I'm here with my happy head on, so you can relax.

You may have read my blog on Google Hummingbird recently, in which I pointed out how Hummingbird, Google's completely rewritten search algorithm, is a boon for writers and a horror story for people stuck with a traditional view of SEO. John followed this up with a different view which led to some debate in the comments section.

Hummingbird has reached the point where good content will rank you and keyword stuffing will kill you. What I didn't do enough of in my article was to deal with Latent Semantic Indexing (LSI), one of the key elements of the rewrite, although it appeared in a different form before.

LSI works by taking you key phrase or keyword and indexing your site firstly for that keyword, but secondly Google says it identifies "words in the same content which mean the same or similar". British author David Lodge refers to effective writing as containing "elegant variation". In other words, if you said something once then describe it in a different way the next time you mention it. I'll show you an example from a mythical website, firstly in the old style, secondly in the new style:

Old SEO

Keyword "dog training".

"Visit Thrashadog for all your dog training requirements. Here we take dog training seriously and provide dog training tailored for every dog's personal needs. If your dog needs dog training then give us a call, and we'll introduce him or her to the finest dog training in the South West."

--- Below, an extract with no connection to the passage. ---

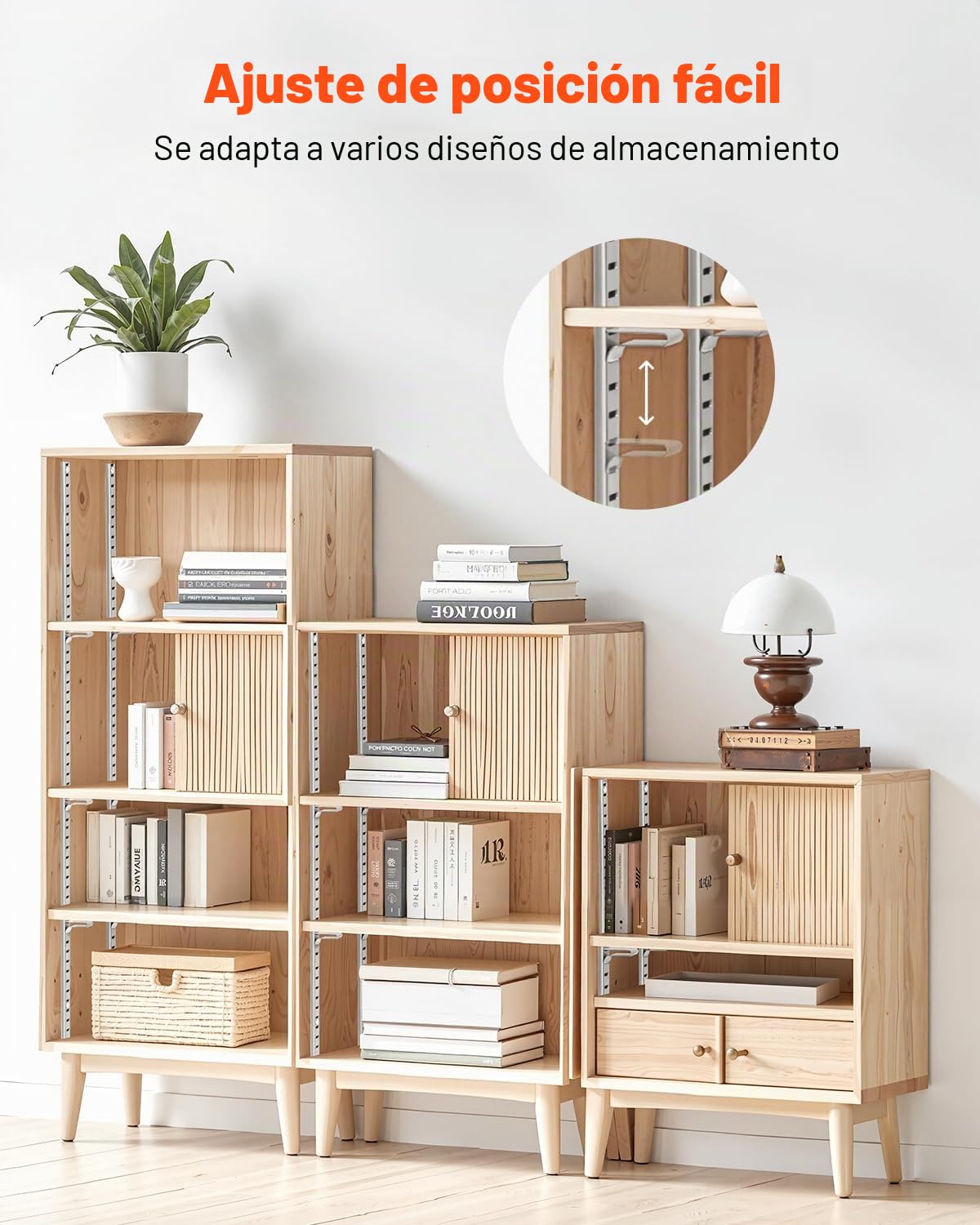 VEVOR 20 PCS Riel Horizontal para Estante de 1846 x 17 x 6,5 mm, Soportes Ajustables de Acero Inoxidable con 140 Tornillos Ideales para Estanterías de Pared, Armarios y Organización, Plata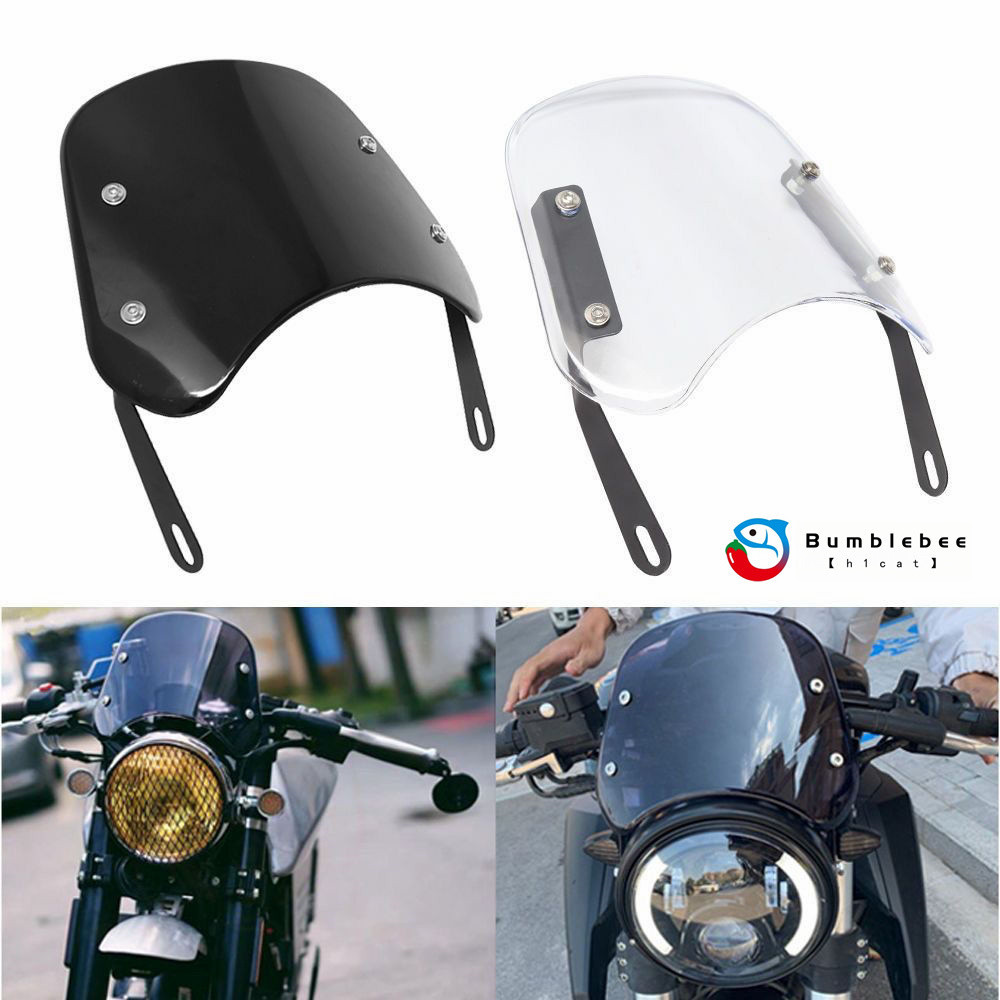 【h1cat】摩托車改裝復古前擋風 CG125太子越野車圓燈透明擋風板 保護板罩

Clearly I've exaggerated somewhat, but believe me when I say I've had similar sites to rewrite in the past. So how might this look if written for a) humans, and b) LSI.

Hummingbird SEO

Keyword "dog training"

"Visit Thrashadog for all your dog training requirements. Here we take our job seriously, and provide and teach all forms of canine correction, tailored to your pet's disposition. If you'd like to have your dog taught to walk to heel, sit at a kerb, avoid other dogs, or just be better behaved, then give us a call and we'll introduce you both to the finest training in the South West!"

Let's run by that again, with the LSI words highlighted:

"Visit Thrashadog for all your dog training requirements. Here we take our job seriously, and provide and teach all forms of canine correction, tailored to your pet's disposition. If you'd like to have your dog taught to walk to heel, sit at a kerb, avoid other dogs, or just be better behaved, then give us a call and we'll introduce you both to the finest training in the South West!"

You'll notice that I've highlighted "our Job" and"teach", as well as directly linked phrases that we know refer to dog training, like "have your dog taught" and "walk to heel". This is because Google fully understands context.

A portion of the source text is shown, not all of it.